[PATCH v3 3/3] mm: optimise pte dirty/accessed bit setting by demand based pte insertion

linux-mm.kvack.org archive mirror
 help / color / mirror / Atom feed

From: Nicholas Piggin <npiggin@gmail.com>
To: linux-mm@kvack.org
Cc: Nicholas Piggin <npiggin@gmail.com>,
	Linus Torvalds <torvalds@linux-foundation.org>,
	Bibo Mao <maobibo@loongson.cn>
Subject: [PATCH v3 3/3] mm: optimise pte dirty/accessed bit setting by demand based pte insertion
Date: Sun, 20 Dec 2020 14:55:35 +1000	[thread overview]
Message-ID: <20201220045535.848591-4-npiggin@gmail.com> (raw)
In-Reply-To: <20201220045535.848591-1-npiggin@gmail.com>

Similarly to the previous patch, this tries to optimise dirty/accessed
bits in ptes to avoid access costs of hardware setting them.

This tidies up a few last cases where dirty/accessed faults can be seen,
and subsumes the pte_sw_mkyoung helper -- it's not just architectures
with explicit software dirty/accessed bits that take expensive faults to
modify ptes.

The vast majority of the remaining dirty/accessed faults on kbuild
workloads after this patch are from NUMA migration, due to
remove_migration_pte inserting old/clean ptes.

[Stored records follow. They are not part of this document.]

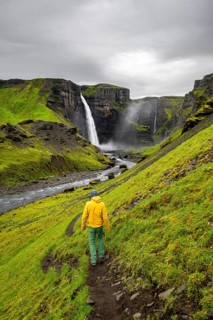 Hikers in a green canyon, Haifoss and Granni waterfall at a canyon, Fossá í Þjórsárdal, with river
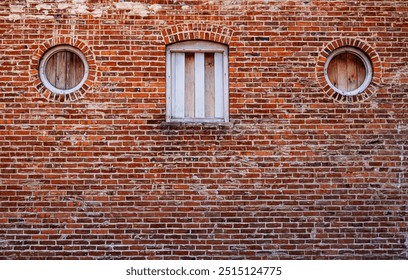 A brick wall with two circular windows and one rectangular window in the center, all with wooden shutters.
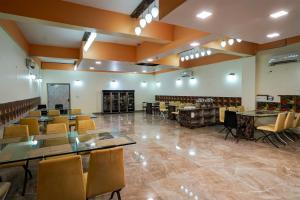 a large room with tables and chairs in it at Collection O RIVERIA RESORT in Noida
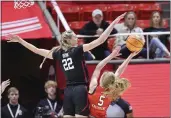  ?? ROB GRAY — THE ASSOCIATED PRESS ?? Stanford forward Cameron Brink (22) blocks the shot of Utah guard Gianna Kneepkens (5) in the first half Saturday in Salt Lake City.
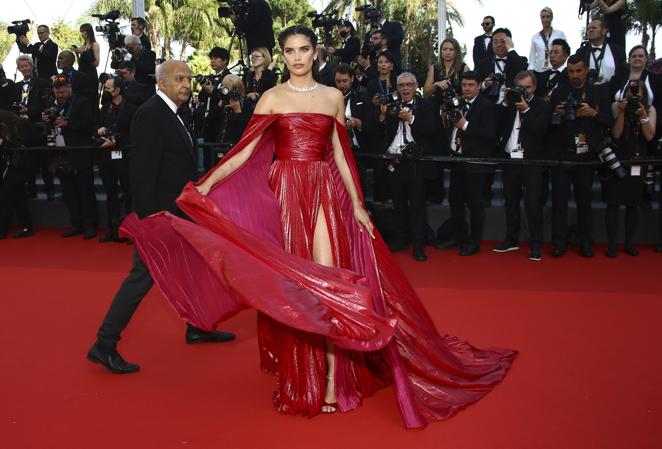 Sara Sampaio - Festival de Cannes 2022. Su look recuerda a los vestidos de las princesas con un diseño de Zuhair Murad en rojo pasión con el interior fucsia compuesto por una falda con vuelo, un cuerpo drapeado y aberturas en la falda.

Signed-off-by: Nicholas Piggin <npiggin@gmail.com>
---
 arch/mips/include/asm/pgtable.h |  2 --
 include/linux/pgtable.h         | 16 ----------------
 mm/huge_memory.c                |  4 ++--
 mm/memory.c                     | 14 +++++++-------
 mm/migrate.c                    |  1 +
 mm/shmem.c                      |  1 +
 mm/userfaultfd.c                |  2 +-
 7 files changed, 12 insertions(+), 28 deletions(-)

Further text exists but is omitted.